Recorded data
Content starts

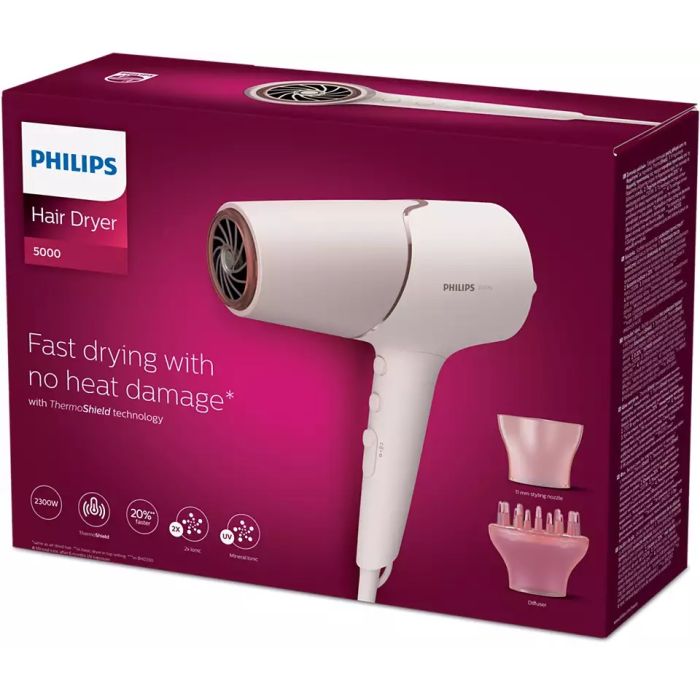 Philips BHD530/00 hair dryer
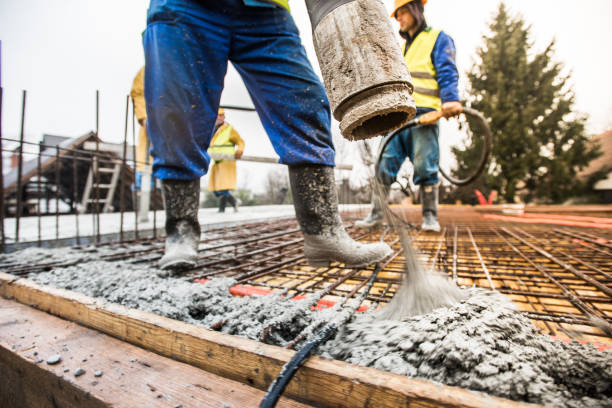 Best Driveway Concrete Repair  in Laguna Park, TX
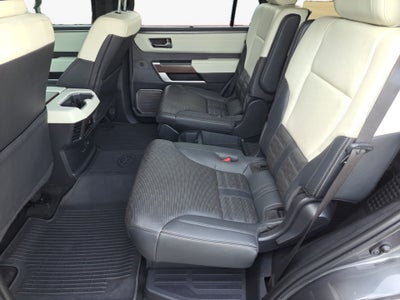 2024 Toyota Sequoia Capstone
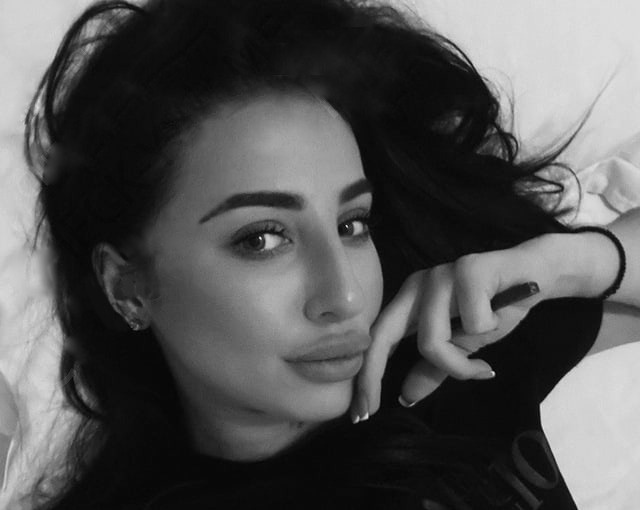 Индивидуалка Лиза, доступна для личного знакомства от 3000 руб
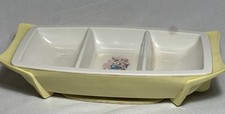 Vintage General Electric GE Heat N Serve Warming Baby Dish Model D2 picture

Content ends

● **Exercise brief**:
Nothing but the lines from the line containing "Индивидуалка Лиза, доступна" to the end of the records above should be repeated, exactly and with every picture omitted.

● **Task result**:
 Индивидуалка Лиза, доступна для личного знакомства от 3000 руб
 Vintage General Electric GE Heat N Serve Warming Baby Dish Model D2 picture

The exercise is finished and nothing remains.